What makes the whole enterprise enjoyable is the amazingly versatile cast of seven, all of whom act, dance, sing and manage to play every instrument in sight--and they're all over the set, hanging on the wall as well as positioned around the living room set. The book, music and lyrics by Mike Carver and Mark Hardwick, recreate the spirit of their previous homespun musicals Oil City Symphony and Pump Boys and Dinettes. Some of the standout numbers are "Dear Mr. Gershwin" and "Edna Jones, the Elephant Girls" and in Act one and the "Buster, He's a Hot Dog Now" in Act 2.
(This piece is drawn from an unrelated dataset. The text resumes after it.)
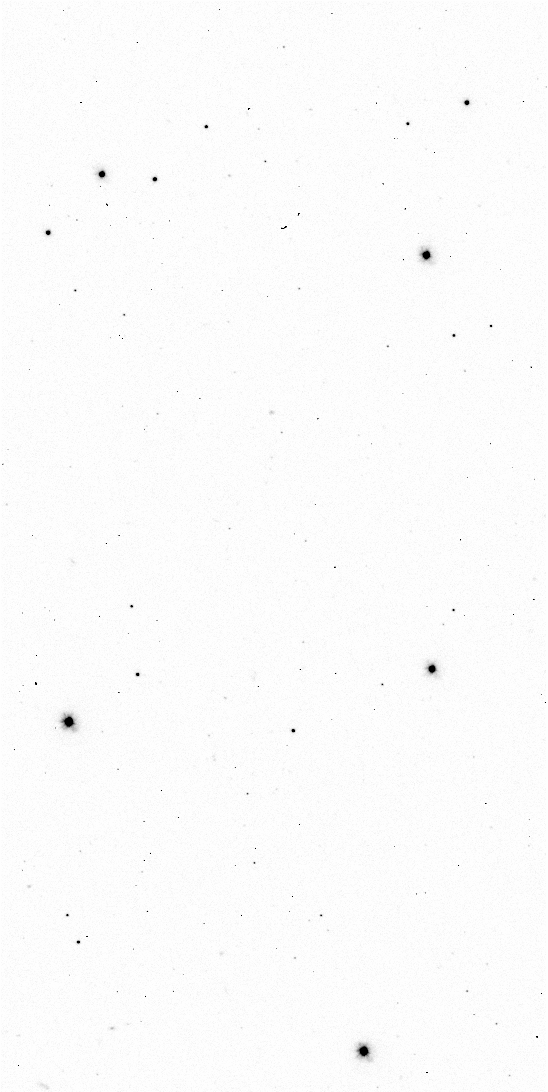 Preview of Sci-JMCFARLAND-OMEGACAM-------OCAM_u_SDSS-ESO_CCD_#74-Regr---Sci-56981.7406262-597255b8205564a2c8ed7bc91fd35750c4bff5cd.fits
The Houseman theater, with its generous stage and clear sight lines from every seat is an ideal venue for this type of small show which I suspect will have a long life traveling to other, similarly proportioned stages throughout the country. The little flower pot in the window, and the glimmer of the porch are typical of the many appropriately homey touches in Narelle Sissons' sets. Also right in the mood, down to the granny square wraps for Mabel and Azilee, are Michael Krass's costumes.

In closing it's interesting to note that, light and fluffy as the Radio Gals plot is, it is based on an actual incident in the life of the evangelist Aimee Semple MacPherson who got into trouble with the law when she wandered the channels of the radio station she ran out of her Los Angeles temple. This "wavejumping" for clear air space prompted Herbert Hoover, the Secretary of Commerce, to send an inspector to close her station which she protested violently. An unconfirmed rumor had it that she eloped with the inspector--on a motorcycle.